Am Elektroklavier setzte Christiane Weber aus Lauta die Finger auf die Tasten, spielte das Stück "Der Schwan” von Camille Saint-Saëns und leitete damit über zum Vortrag von Michael Standera, Abteilungsleiter Gesundheit und Soziales beim Caritasverband des Bistums Görlitz. Er befasst sich mit dem Thema "Die Bedeutung der Caritasarbeit für Kirche und Gesellschaft".
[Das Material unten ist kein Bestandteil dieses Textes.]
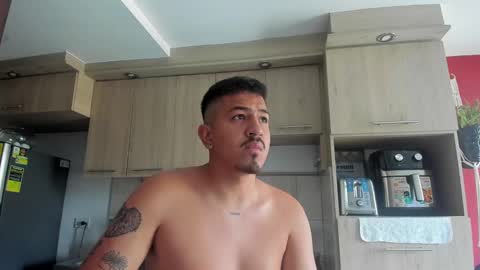 Snapshot of aronwilliams69 chatting on 01/13/25, 08:04 ARON  Independent model  online show from 01/13/25, 08:04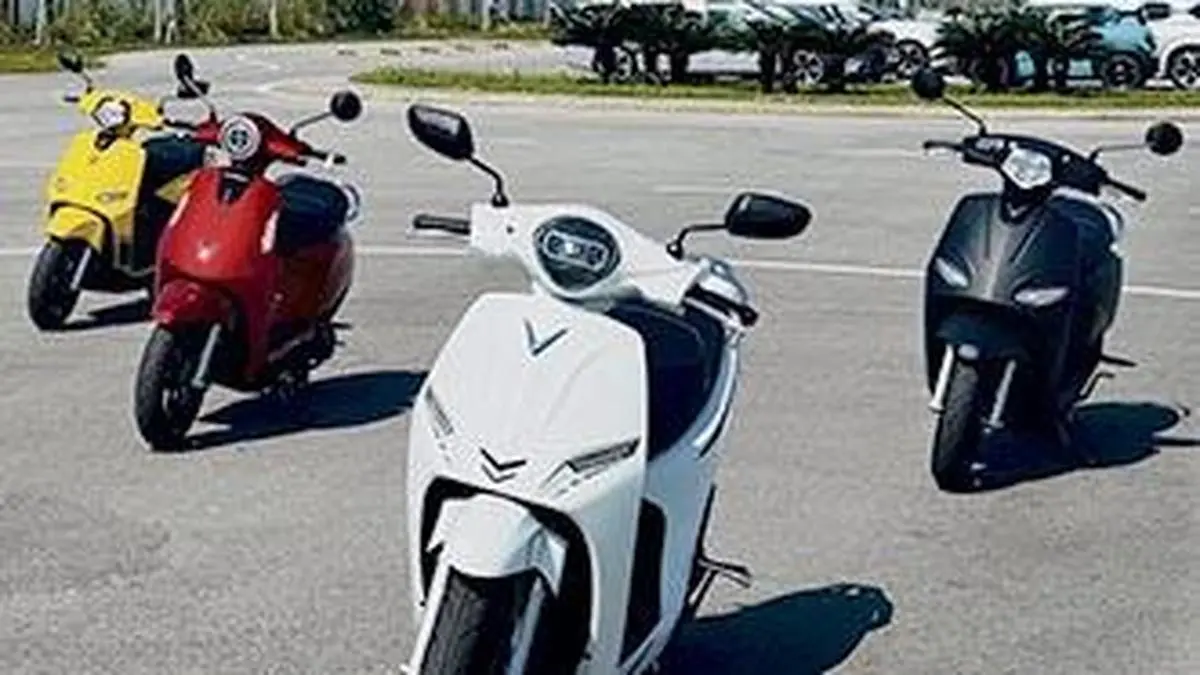 Electric two-wheeler share hits 10% as Centre approves ₹776 crore for EV testing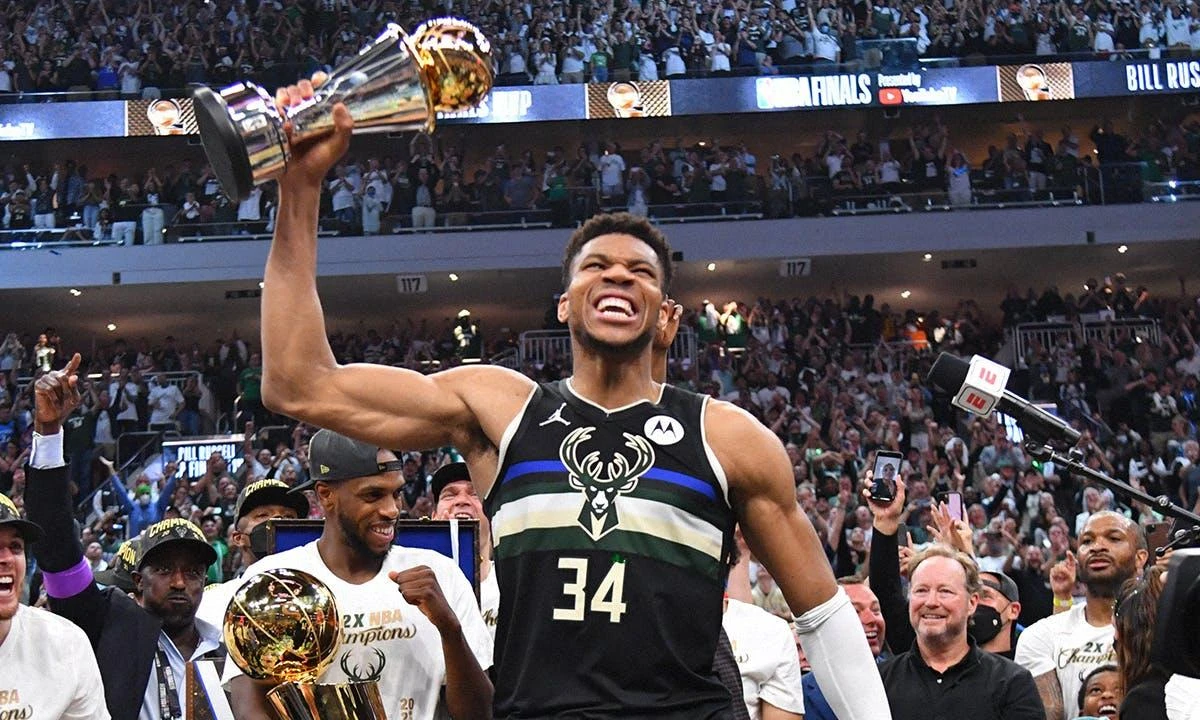 Giannis Antetokounmpo Picture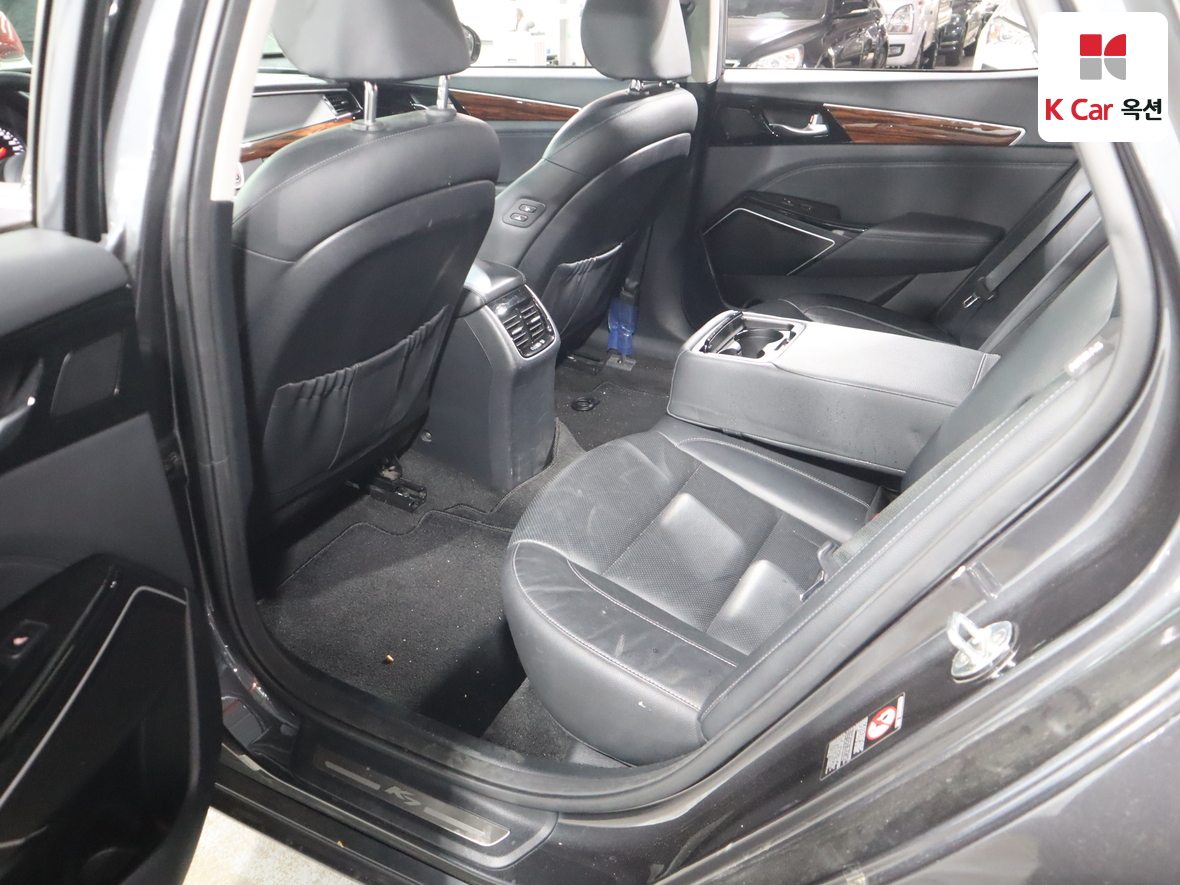 Kia K7 - 25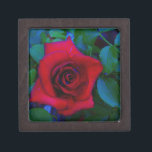 Coffret A Bijoux Roses rouges aux tons bleus<br><div class="desc">Roses rouges aux tons bleus Rose rouge Jolie rose rouge arrière - plan lu pour tumulter avec vous texte. Idéal pour tout amoureux rose. Photo de Sandy Closs,  prise au lac Arrowhead. "rose rouge""roses rouges""rose rose""roses roses""mariages""cadeau d'amour""fleur rouge""fleurs rouges""fleurs rouges" rouge bleu rose "cadeaux aux roses"</div>
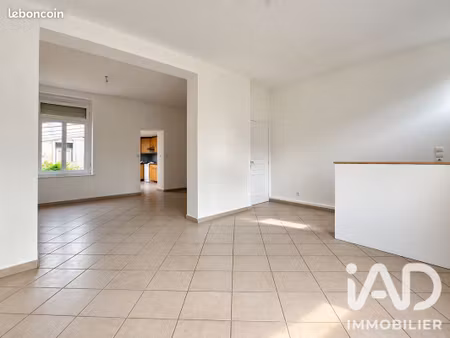 maison 3 pièces 82 m²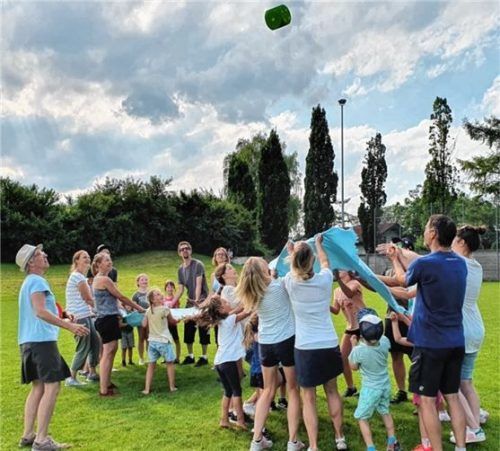 Groß und Klein tobten sich beim Familiensportfest in Kolbermoor aus. Zehn Aufgaben mussten bewältigt werden. Foto re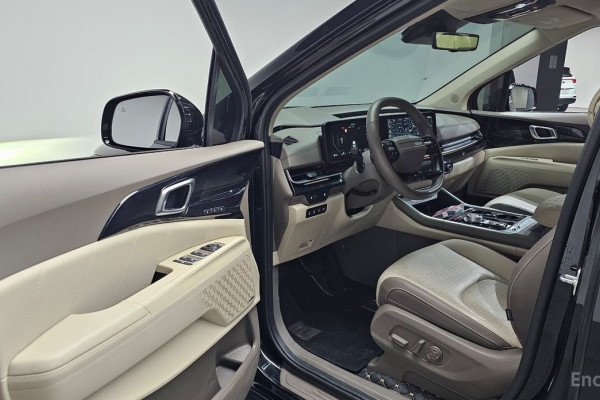 2025 Kia Carnival с пробегом 15 086 км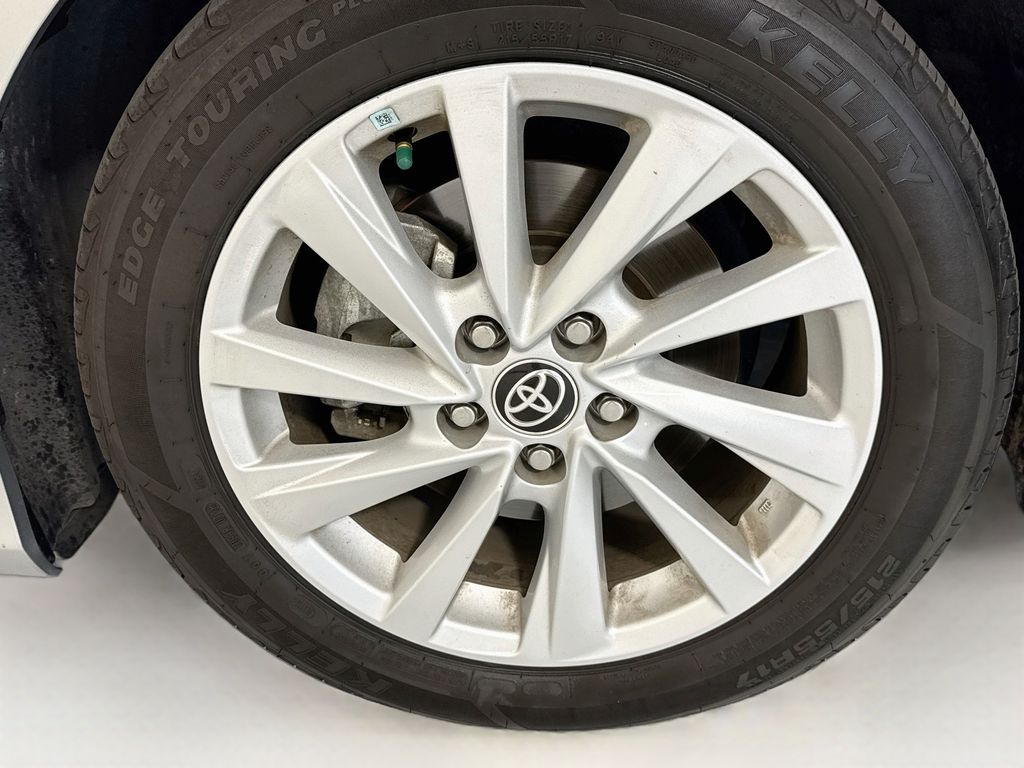 Thumbnail: 2023 Toyota Camry - 30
Nicht Selbstzweck, sondern Dienst am Nächsten
Michael Standera sagt: "Wenn wir Zukunft gestalten wollen, dann müssen wir nach vorn schauen. In einem chinesischen Sprichwort heißt es: ‚Wenn du den Fluss siehst, vergiss die Quelle nicht‘. Die Frage, wohin wir in Zukunft gehen, steht in Verbindung mit der Frage, woher und aus welcher Tradition kommen wir? Und auf welchem Fundament stehen wir?" Ohne Rückblick keine Perspektive: Der Redner erinnerte an Ereignisse aus den 50 Jahren und daran, dass Caritas "zu den Grundfunktionen der Kirche" gehört. "Die katholischen Bischöfe und Menschen in unseren Gemeinden wollten nicht, dass die Kirche vom Staat nur auf den Gottesdienst und die sogenannten religiösen Handlungen reduziert wird. Für uns war klar, zum Gebet gehört auch der Dienst am Nächsten." Die Ansichten von Staat und Kirche über die verfassungsmäßig garantierte Religionsfreiheit gingen mitunter stark auseinander. Die "Caritas als ‚Wesens- und Lebensäußerung der Kirche‘ sollte, wie die Kirche insgesamt, ihres Einflusses beraubt und aus der Öffentlichkeit verdrängt werden", so Michael Standera, der dankbar daran erinnerte, dass "ohne die finanzielle Unterstützung der Bistümer aus Westdeutschland die Arbeit der Kirchen und darin der Caritas nicht zu machen gewesen wäre".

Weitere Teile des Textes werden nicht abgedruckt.